The above lengths are based on optimum forward gain. The feed point for the above formulas assumes a feed point 26 in the center of the third conductive element 24 which connects the 2 parallel elements. All elements should have a large diameter in order to reduce losses, produce maximum gain and to keep the impedances manageable. For example, a 1 inch diameter is optimum for use in the Amateur Radio 10 meter band (EG: 28.5 mHz). Element diameters should be proportioned based on the actual design frequency. In order to maintain the same formulas described above, the diameter would approximately double for the 20 meter band and quadruple for the 40 meter band.
As with any antenna design, the lengths can differ depending on the gain, impedance, front to back and so forth desired by the user. These formulas do not have to be adhered to exactly. The smaller element can be positioned so one end is level to the back element, with little loss in gain. This allows the bottom element to be straight for easier mechanical construction. A wire antenna design is even possible by adjusting the element lengths and spacing. The resulting antenna would have the same basic shape but would have less gain and a higher mismatch to traditional 50 ohm cable.
Operation of the antenna 10 changes based on the feed point 26 and differs greatly depending on the location selected. When fed at the center of the third conductive element 24, the two parallel element(s) currents are out of phase and therefore, the antenna 10 provides gain in the direction of the second conductive element 18 (when using the above formulas). If the antenna 10 is fed at the center of one of the two parallel elements, the antenna 10 behaves similar to that of a traditional folded dipole antenna. The parallel elements are now in phase and the impedance is approximately 300 ohms.
One of the antenna's many benefits is that it allows the creation of an extremely close spaced beam. People who just don't have the available space to erect a traditional beam antenna (which may have element spacings a quarter of a wavelength apart!), can now obtain the same gain at just 0.06 wavelengths or less. For example, a rotatable vertical beam for the 10 meter band can be created with a turning radius of just 2 feet and yet it produces over 5 dBd gain.
A comparison of a typical traditional 2 element beam to the antenna 10 design (using 2 parallel elements and a connection on just one end) will more clearly show the benefits of the antenna 10. Directors and reflectors will be omitted for the moment.
Using the traditional design, the theoretical maximum gain occurs at approximately 0.06 wavelengths and has just above 5 dBd gain.

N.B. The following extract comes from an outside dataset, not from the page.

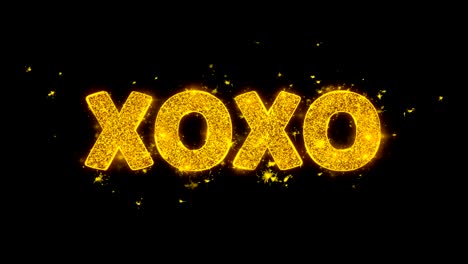 xo xo text sparks particles on black background.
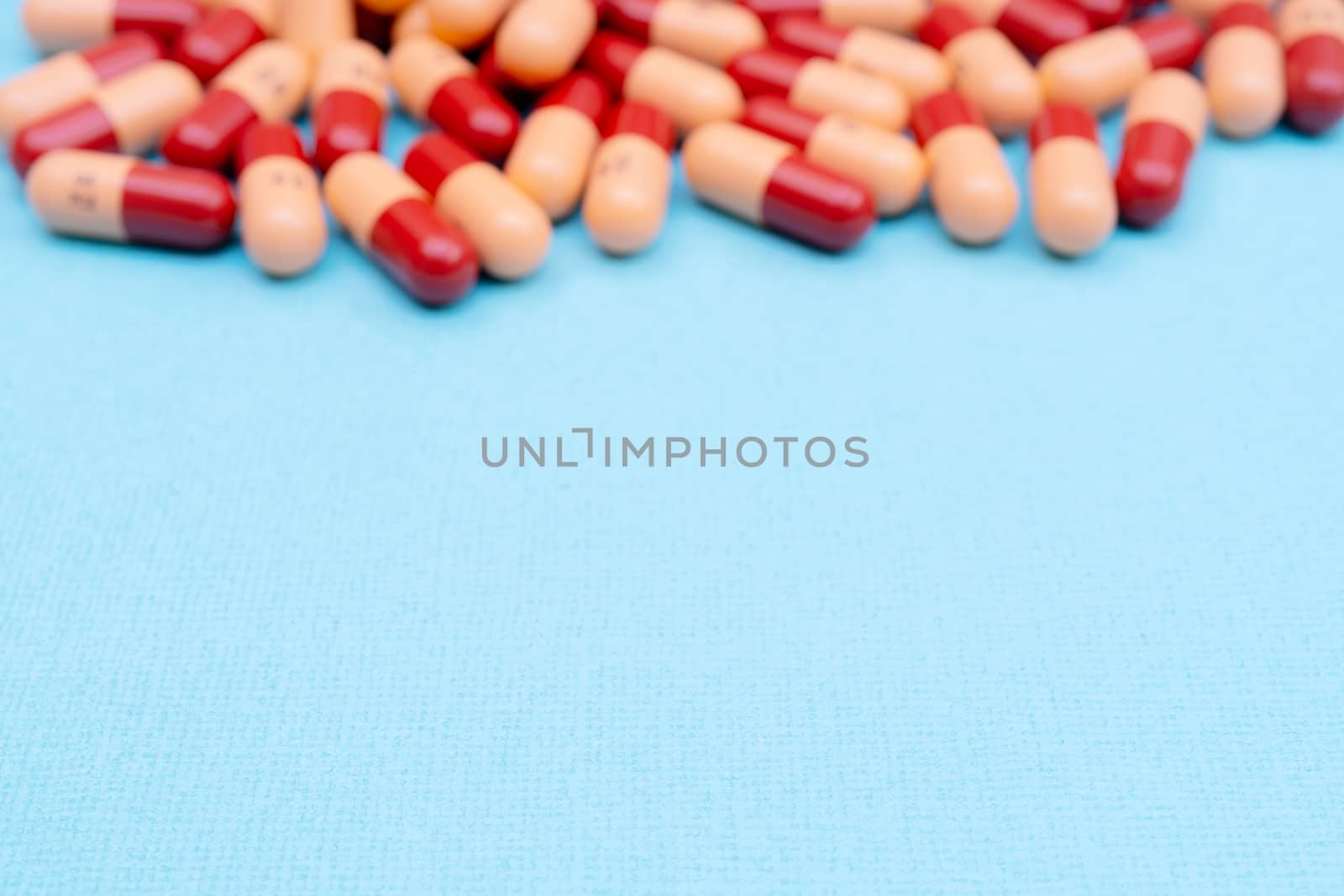Medicine pills or capsules on blue background with copy space. Medicinal prescription for drug treatment. Pharmaceutical drug, medicine in container for health. Sale of antibiotic in pharmacy.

Unfortunately, the theoretical antenna and the real life results differ. Making the two elements stable enough is just the first problem. With closed spacing also comes a low radiation resistance on the order of 4 to 8 ohms! This in itself can cause matching headaches, since most commercial radio equipment is designed to match 50 ohms. Matching to such a low impedance is difficult. The low radiation resistance plus the higher currents and voltages necessitate the reduction of any and all system losses (skin effect wire loss, end losses, and ground loss.) Otherwise, much of the radio signal will be lost in heat. (Efficiency=radiation resistance)/(radiation resistance+losses). With a 4 ohm impedance, as little as 4 ohms of total losses drops the efficiency to 50 percent.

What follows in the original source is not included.